(Brief descriptive captions)
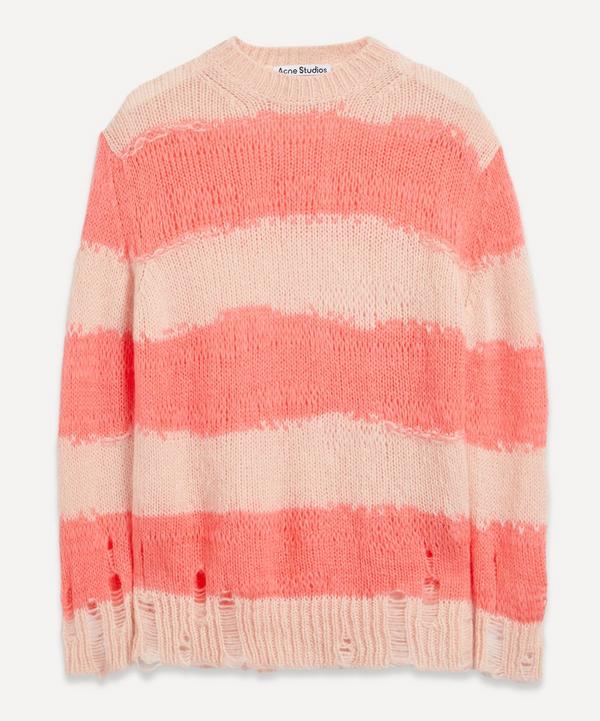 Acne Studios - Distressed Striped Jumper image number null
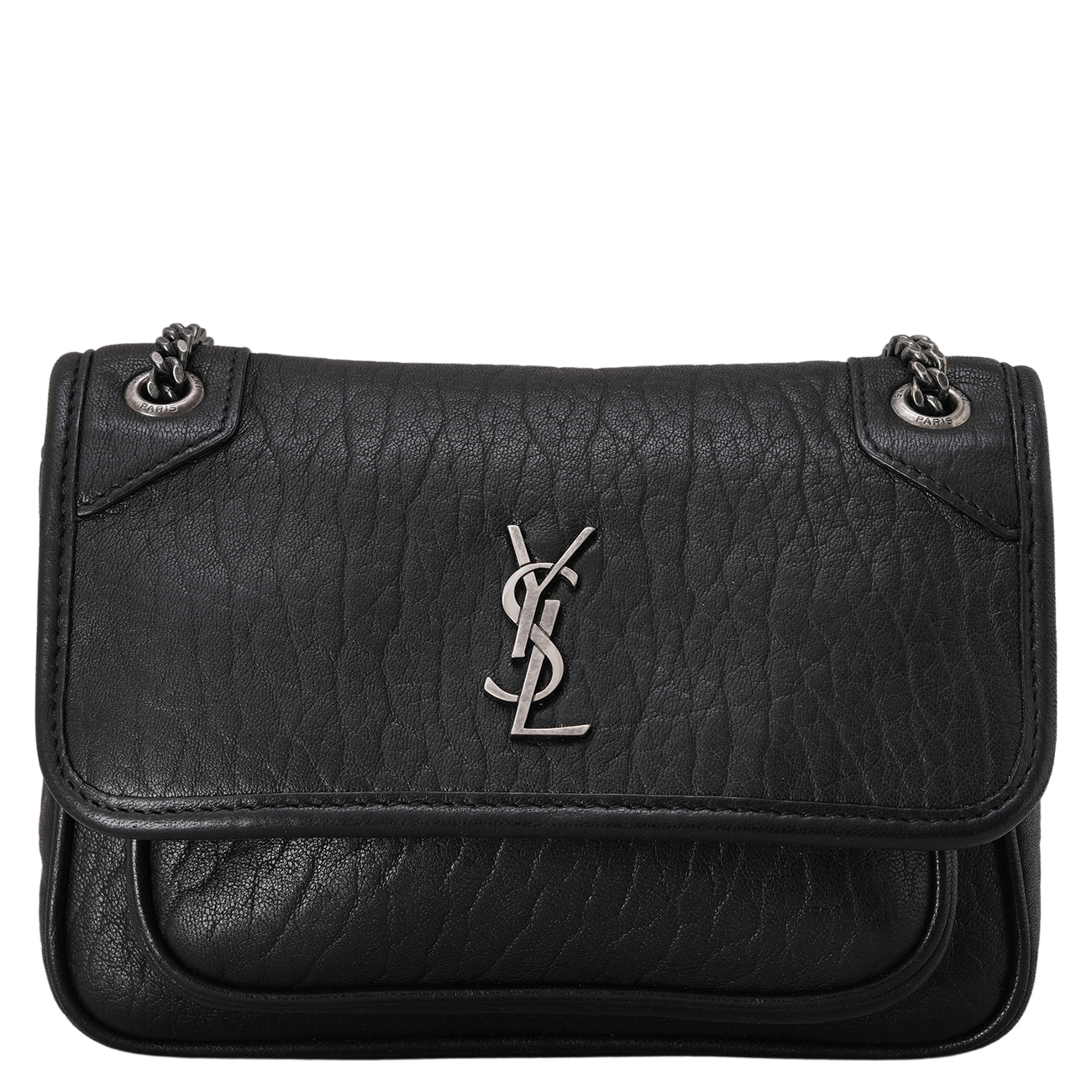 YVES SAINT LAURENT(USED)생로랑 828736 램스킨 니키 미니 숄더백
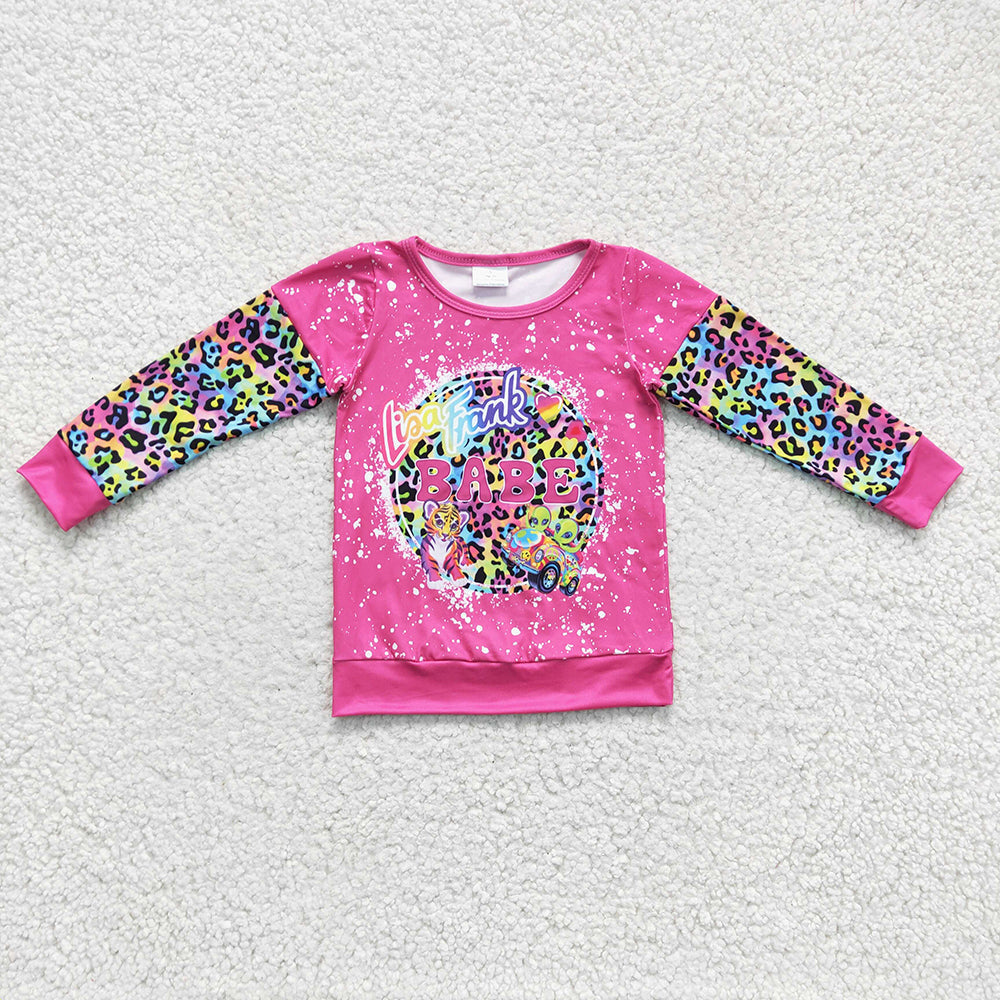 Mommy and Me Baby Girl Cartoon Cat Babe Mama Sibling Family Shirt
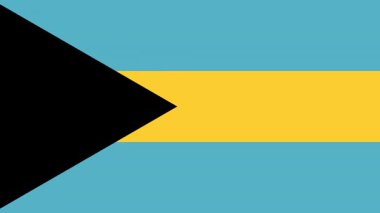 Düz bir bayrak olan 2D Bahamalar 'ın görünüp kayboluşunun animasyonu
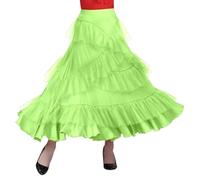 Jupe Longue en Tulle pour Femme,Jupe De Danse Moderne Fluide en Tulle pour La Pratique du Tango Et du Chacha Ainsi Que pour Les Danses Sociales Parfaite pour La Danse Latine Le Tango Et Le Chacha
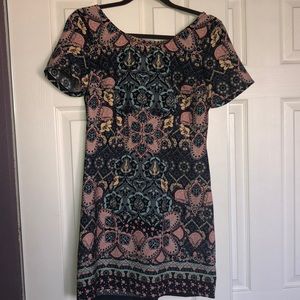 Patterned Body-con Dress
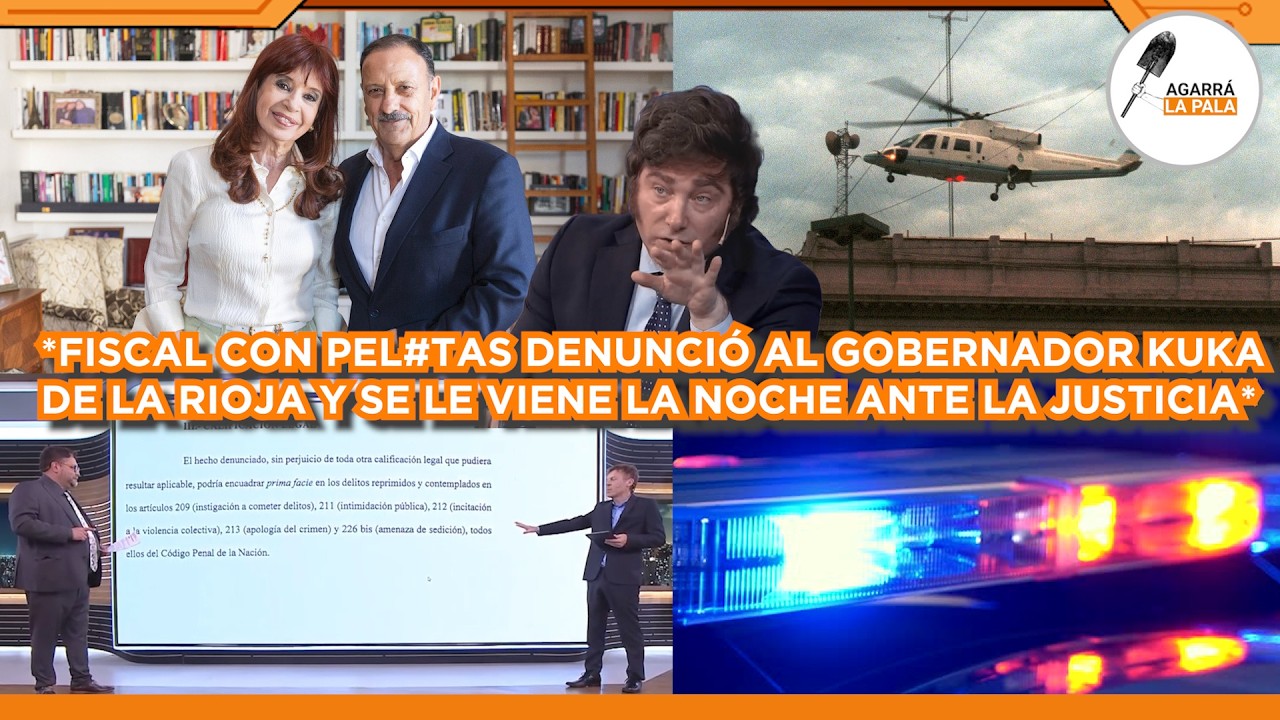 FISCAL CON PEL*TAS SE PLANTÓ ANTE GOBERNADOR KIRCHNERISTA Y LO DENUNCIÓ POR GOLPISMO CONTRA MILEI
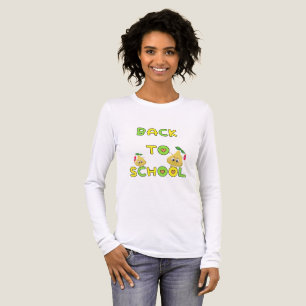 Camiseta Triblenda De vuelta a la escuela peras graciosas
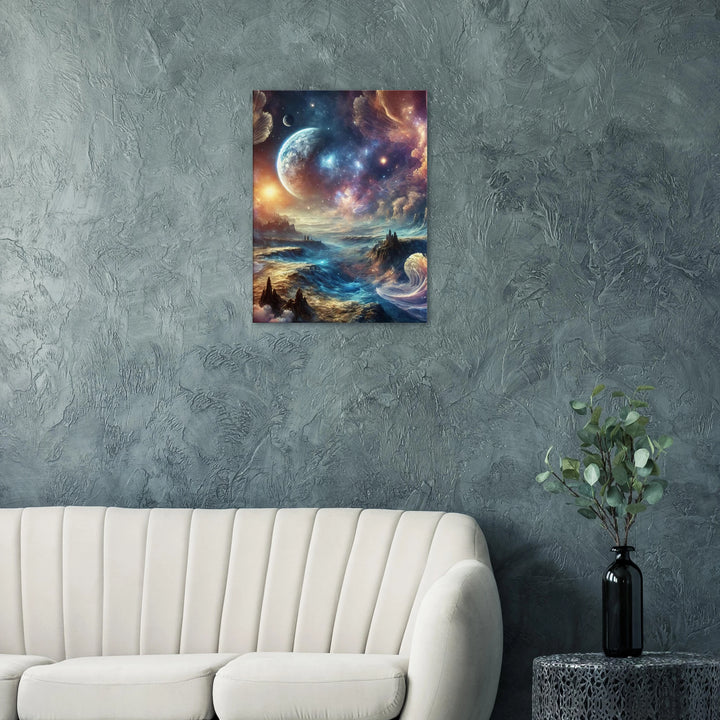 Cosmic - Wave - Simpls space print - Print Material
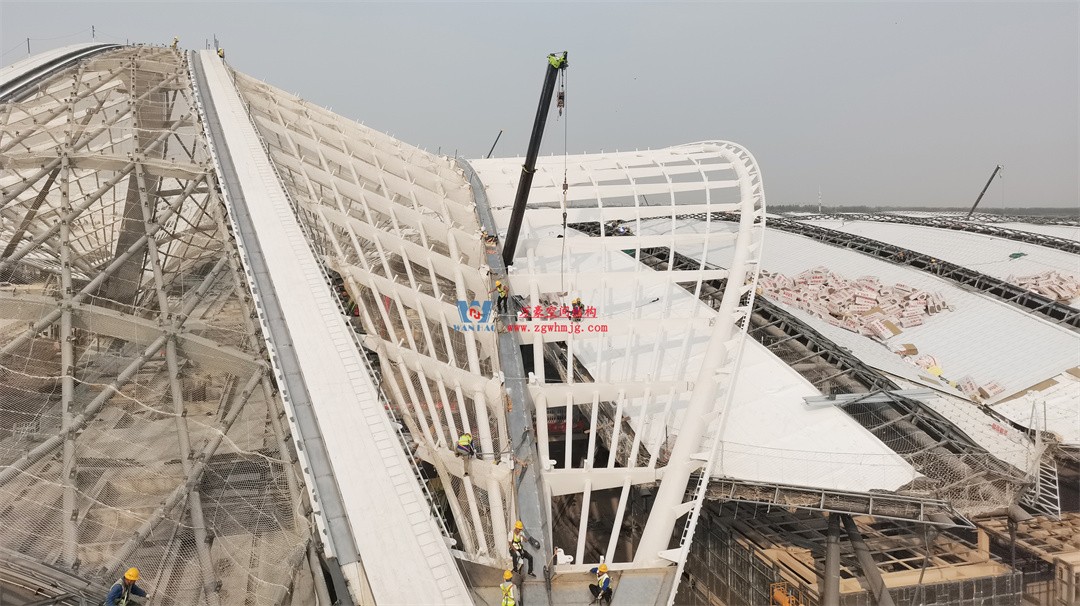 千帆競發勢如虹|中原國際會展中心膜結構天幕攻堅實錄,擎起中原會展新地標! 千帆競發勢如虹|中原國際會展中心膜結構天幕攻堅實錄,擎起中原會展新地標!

Action item.
Give the entries above again word for word, without any pictures.

Answer to this task.
 Acne Studios - Distressed Striped Jumper image number null
 YVES SAINT LAURENT(USED)생로랑 828736 램스킨 니키 미니 숄더백
 Mommy and Me Baby Girl Cartoon Cat Babe Mama Sibling Family Shirt
 Düz bir bayrak olan 2D Bahamalar 'ın görünüp kayboluşunun animasyonu
 Jupe Longue en Tulle pour Femme,Jupe De Danse Moderne Fluide en Tulle pour La Pratique du Tango Et du Chacha Ainsi Que pour Les Danses Sociales Parfaite pour La Danse Latine Le Tango Et Le Chacha
 Patterned Body-con Dress
 FISCAL CON PEL*TAS SE PLANTÓ ANTE GOBERNADOR KIRCHNERISTA Y LO DENUNCIÓ POR GOLPISMO CONTRA MILEI
 Camiseta Triblenda De vuelta a la escuela peras graciosas
 Cosmic - Wave - Simpls space print - Print Material
 千帆競發勢如虹|中原國際會展中心膜結構天幕攻堅實錄,擎起中原會展新地標! 千帆競發勢如虹|中原國際會展中心膜結構天幕攻堅實錄,擎起中原會展新地標!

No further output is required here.